> **WHAT YOU WILL DO**:
The span to copy runs from the line containing "Klyne Natural Rattan" to the last line below. Copy it exactly, with nothing else.

----- DATA FOR ANALYSIS

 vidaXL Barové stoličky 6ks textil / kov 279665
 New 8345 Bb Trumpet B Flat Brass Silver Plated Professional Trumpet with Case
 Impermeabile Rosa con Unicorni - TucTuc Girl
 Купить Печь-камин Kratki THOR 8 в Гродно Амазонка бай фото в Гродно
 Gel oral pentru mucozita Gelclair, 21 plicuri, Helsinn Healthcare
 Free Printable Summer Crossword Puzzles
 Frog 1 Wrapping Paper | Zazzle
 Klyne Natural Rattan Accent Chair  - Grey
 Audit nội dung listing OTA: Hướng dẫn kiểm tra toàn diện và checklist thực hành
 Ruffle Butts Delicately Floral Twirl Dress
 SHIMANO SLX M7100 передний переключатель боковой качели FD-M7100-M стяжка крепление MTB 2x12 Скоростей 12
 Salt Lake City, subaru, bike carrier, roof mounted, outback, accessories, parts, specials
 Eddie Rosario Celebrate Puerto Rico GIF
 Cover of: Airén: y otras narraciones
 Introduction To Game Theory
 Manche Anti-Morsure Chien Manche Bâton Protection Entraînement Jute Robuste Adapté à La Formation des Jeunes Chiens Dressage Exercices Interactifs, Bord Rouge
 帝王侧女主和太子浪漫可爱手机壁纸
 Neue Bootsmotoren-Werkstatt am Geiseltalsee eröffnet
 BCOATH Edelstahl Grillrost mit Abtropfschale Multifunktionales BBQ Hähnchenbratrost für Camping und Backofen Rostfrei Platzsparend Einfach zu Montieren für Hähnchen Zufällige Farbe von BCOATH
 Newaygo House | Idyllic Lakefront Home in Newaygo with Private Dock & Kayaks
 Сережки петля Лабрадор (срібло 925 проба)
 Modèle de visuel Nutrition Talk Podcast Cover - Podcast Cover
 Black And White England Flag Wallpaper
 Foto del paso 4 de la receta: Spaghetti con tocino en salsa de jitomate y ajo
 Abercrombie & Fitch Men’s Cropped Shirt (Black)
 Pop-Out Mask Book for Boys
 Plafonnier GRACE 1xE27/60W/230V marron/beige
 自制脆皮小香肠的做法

----------

> **SOLUTION**:
 Klyne Natural Rattan Accent Chair  - Grey
 Audit nội dung listing OTA: Hướng dẫn kiểm tra toàn diện và checklist thực hành
 Ruffle Butts Delicately Floral Twirl Dress
 SHIMANO SLX M7100 передний переключатель боковой качели FD-M7100-M стяжка крепление MTB 2x12 Скоростей 12
 Salt Lake City, subaru, bike carrier, roof mounted, outback, accessories, parts, specials
 Eddie Rosario Celebrate Puerto Rico GIF
 Cover of: Airén: y otras narraciones
 Introduction To Game Theory
 Manche Anti-Morsure Chien Manche Bâton Protection Entraînement Jute Robuste Adapté à La Formation des Jeunes Chiens Dressage Exercices Interactifs, Bord Rouge
 帝王侧女主和太子浪漫可爱手机壁纸
 Neue Bootsmotoren-Werkstatt am Geiseltalsee eröffnet
 BCOATH Edelstahl Grillrost mit Abtropfschale Multifunktionales BBQ Hähnchenbratrost für Camping und Backofen Rostfrei Platzsparend Einfach zu Montieren für Hähnchen Zufällige Farbe von BCOATH
 Newaygo House | Idyllic Lakefront Home in Newaygo with Private Dock & Kayaks
 Сережки петля Лабрадор (срібло 925 проба)
 Modèle de visuel Nutrition Talk Podcast Cover - Podcast Cover
 Black And White England Flag Wallpaper
 Foto del paso 4 de la receta: Spaghetti con tocino en salsa de jitomate y ajo
 Abercrombie & Fitch Men’s Cropped Shirt (Black)
 Pop-Out Mask Book for Boys
 Plafonnier GRACE 1xE27/60W/230V marron/beige
 自制脆皮小香肠的做法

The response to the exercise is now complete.